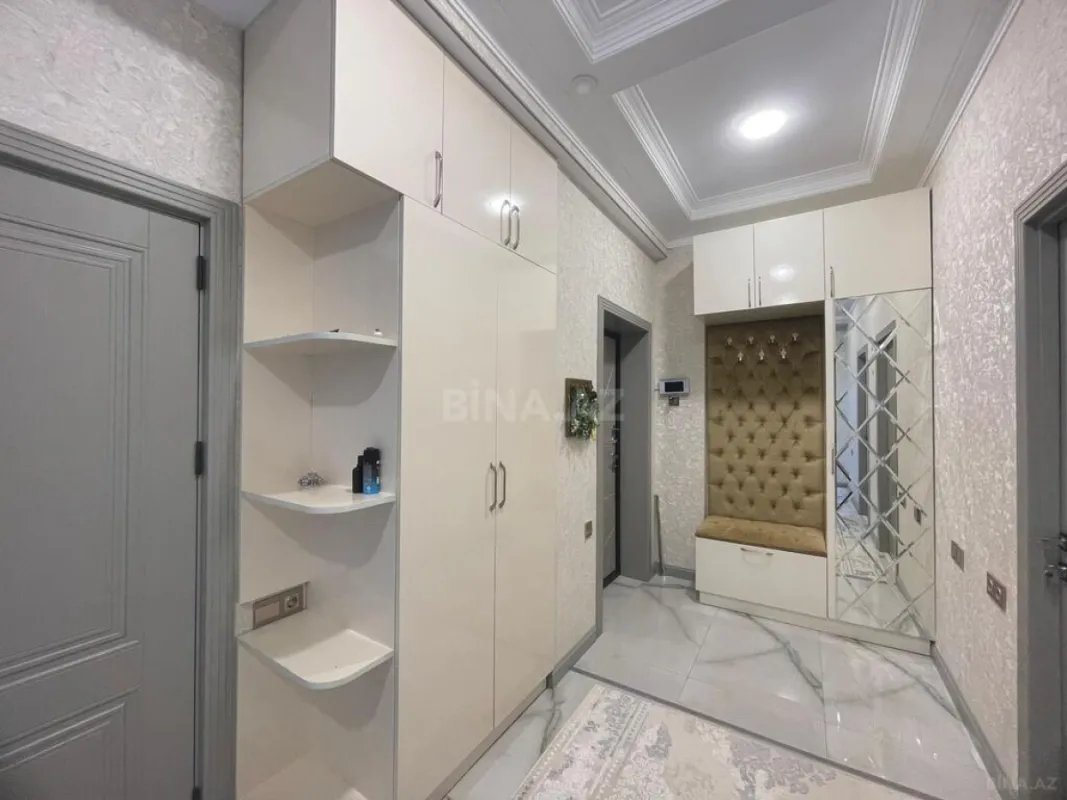 Satılır 3 otaqlı mənzil 120 m²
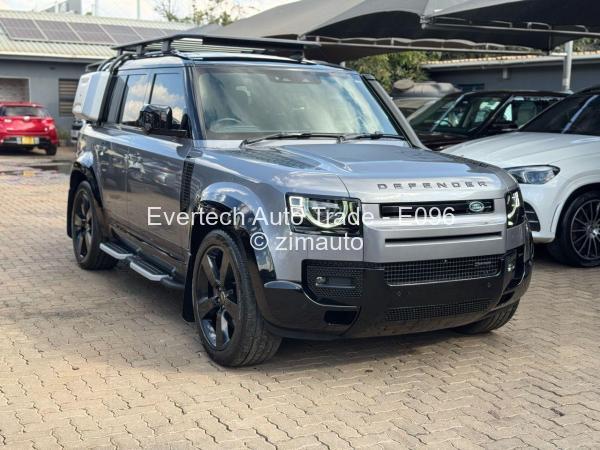 2021 - Land-Rover  Defender
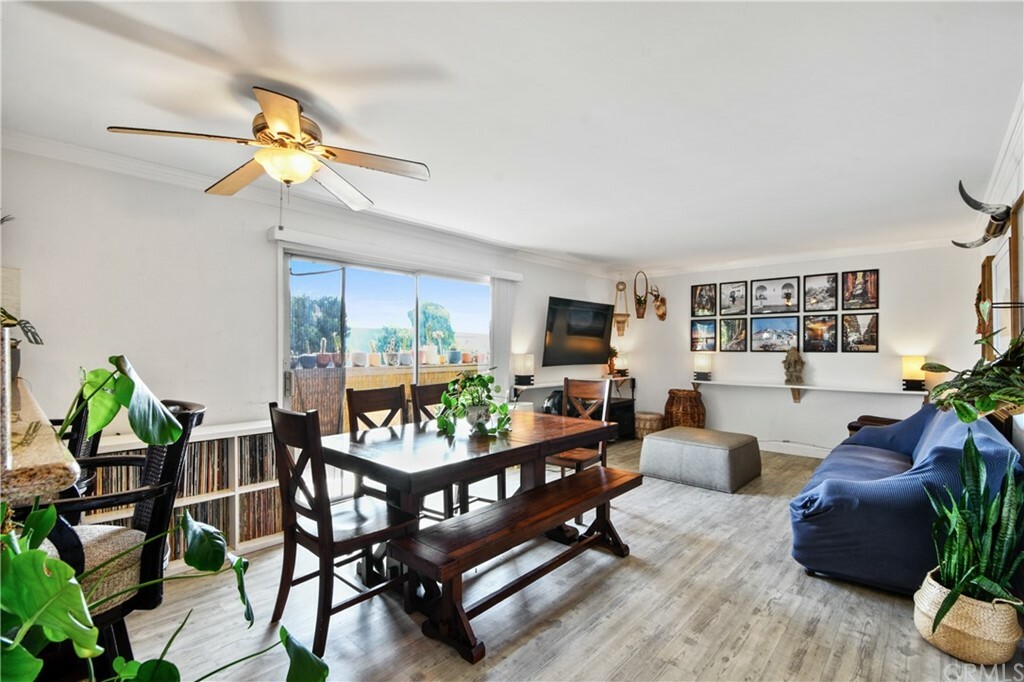 Property Photo: 646 Nebraska Avenue 4 CA 90802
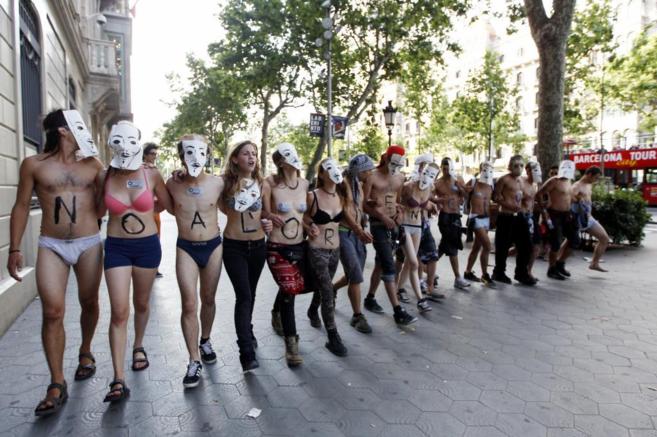 Protesta contra la prohibición del nudismo en Barcelona.
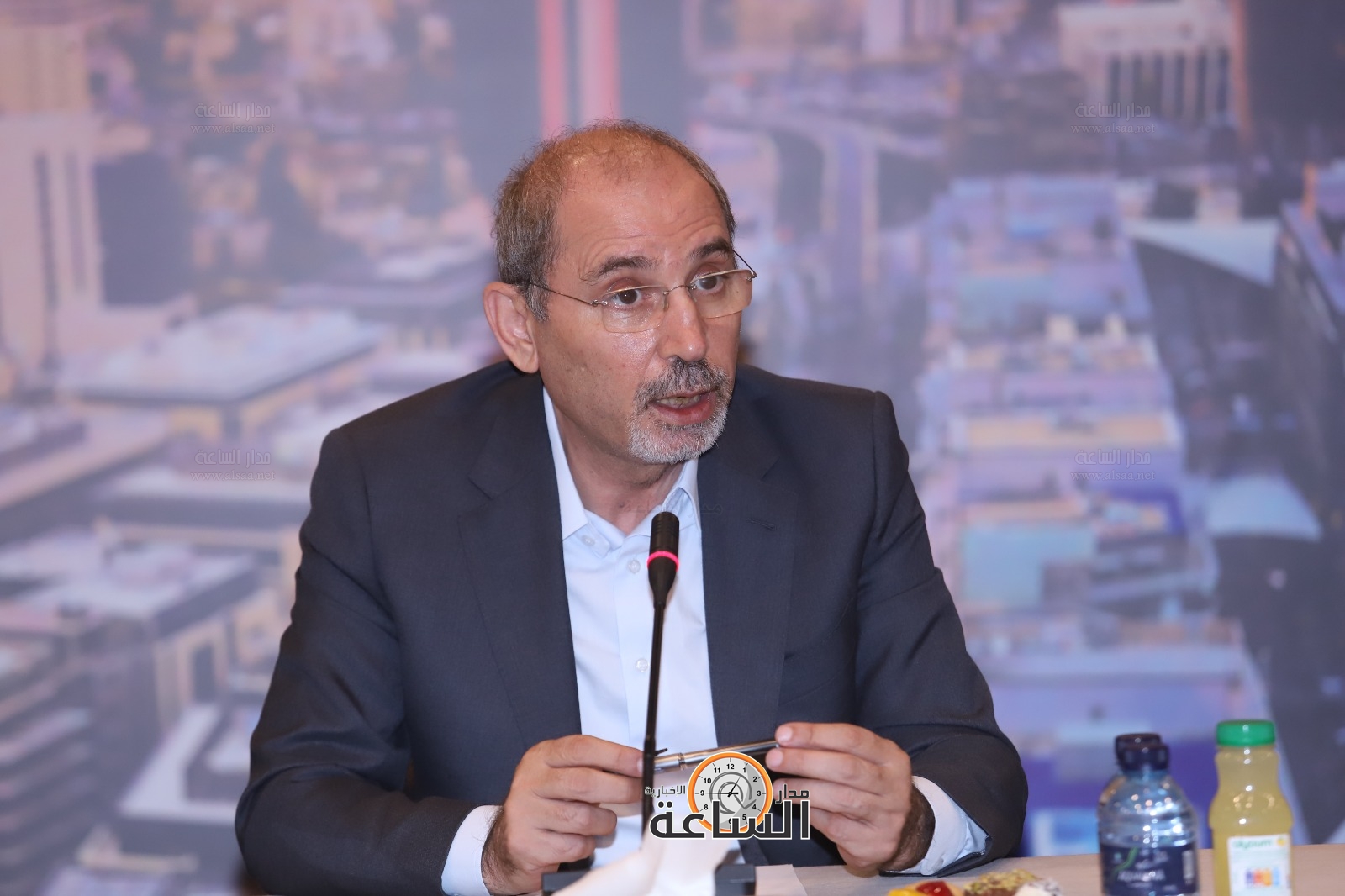 Madar Al-Saa Images 0.8621526579482754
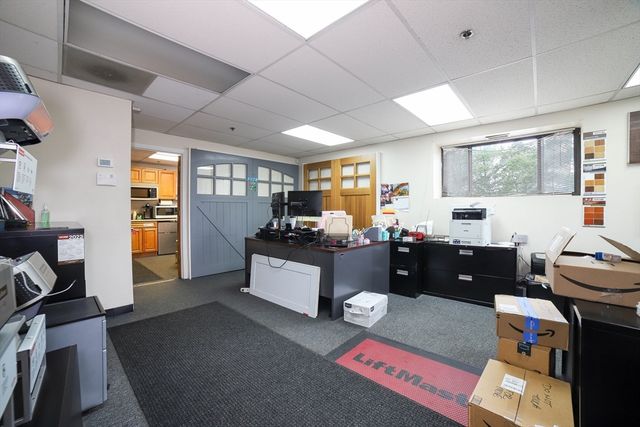 46 Milton St 2, Worcester, MA 01605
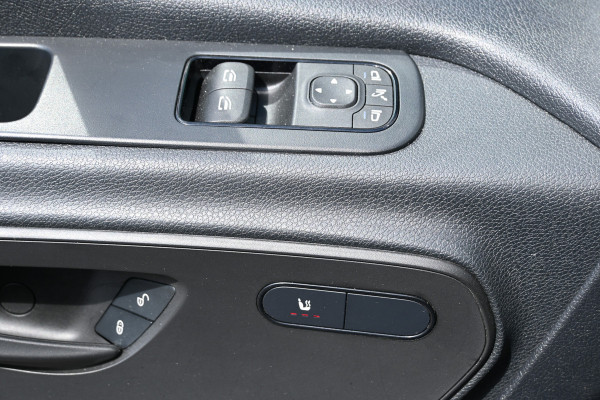 Mercedes-Benz Sprinter 317 CDI L2H2 MBUX met navigatie en camera met parkeersensoren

========================

▶ Exercise details
Please copy exactly the lines from the one containing "Madar Al-Saa Images 0.8621526579482754" through the last line of the records above, both included, and leave out any pictures.

▶ Expected answer
 Madar Al-Saa Images 0.8621526579482754
 46 Milton St 2, Worcester, MA 01605
 Mercedes-Benz Sprinter 317 CDI L2H2 MBUX met navigatie en camera met parkeersensoren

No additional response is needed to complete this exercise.